PreCirculatedMultiSession Politics of Memory: Making Slavery Visible in the Public Space, Part 3: Black Atlantic Lives: Biography in the African Diaspora

AHA Session 110
Friday, January 7, 2011: 2:30 PM-4:30 PM
Room 310 (Hynes Convention Center)
Chair:
Paul E. Lovejoy, York University
Papers:
Enslaved Ship Pilots: Navigating the Green Waters of Race and Slavery
Kevin Dawson, University of Nevada at Las Vegas
Paul Cuffe and the Question of Sierra Leone, 1795–1817
Jeffrey A. Fortin, State University of New York College at Oneonta
Comment:
Matt D. Childs, University of South Carolina

Session Abstract

“Black Atlantic Lives: Biography in the African Diaspora” Panel Proposal AHA Annual Conference Boston, Massachusetts January 6-9, 2011 The thriving field of African Diaspora studies in conjunction with the emergence of historians of the Black Atlantic birthed numerous important and powerful studies of persons of African descent. Scholars have tended to focus on the group experience of Africans caught in the many currents of the Trans-Atlantic Slave Trade, but beyond Olaudah Equiano – and the subsequent debate surrounding his origins – few scholars have focused on the individual in studying the Black Atlantic. “Black Atlantic Lives: Biography in the African Diaspora” seeks to emphasize the individual's experience in navigating the troubled waters of the eighteenth and nineteenth century Atlantic world.
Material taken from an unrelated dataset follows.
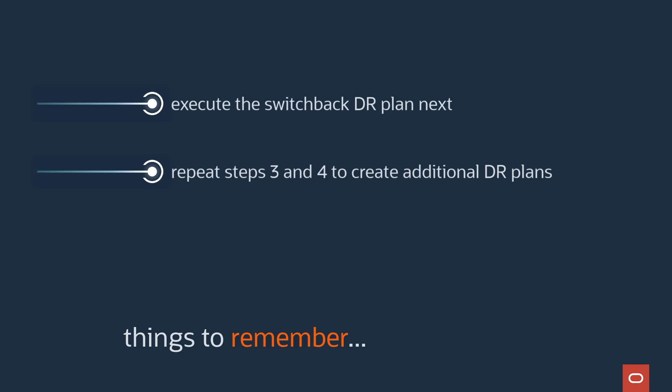For example, create failover plans next. Failover plans handle recovery during the actual disaster when a primary region is offline and inaccessible.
In the following three biographical sketches, Elizabeth Pryor, Kevin Dawson and Jeffrey Fortin illuminate the varying ways in which Africans in the diaspora defined the sacred. Kevin Dawson's “Navigating race and Slavery” interprets the ship as a sacred space, where African pilots could attain hitherto unreachable levels of freedom where whites depended upon their skills – honed in Africa – to safely deliver valuable cargo, vessels and crew to port. Jeff Fortin's “African American Imperialist” seeks an alternative understanding of Paul Cuffe and his voyages east to Sierra Leone, a sacred site where thousands of free African Americans and Jamaican Maroons attempted to build a free black colony. Cuffe believed such a colony was incomplete without Christianity taking center stage. Liz Pryor's “After Sojourning in Your Hospitable Land” examines the Pennsylvanian born Zilpha Elaw's Trans-Atlantic journey as a preacher and middle class citizen of nineteenth century London. Her journey across the Atlantic reveals the nature of race, gender and religious awakenings in the diaspora. Each of these biographies set within the Black Atlantic interpret the sacred in unique ways. All three papers understand freedom to be the most sacred idea and experience within the African diaspora, yet it is also the Atlantic Ocean itself that served as a sacred space for the central figures in these three studies. Corresponding with traditional West Africa conceptions of water as the path to the afterlife, the Atlantic served as the conduit to enlightenment, freedom, and identity formation, revered for what could be accomplished on its waters and within its ports cities and waterways.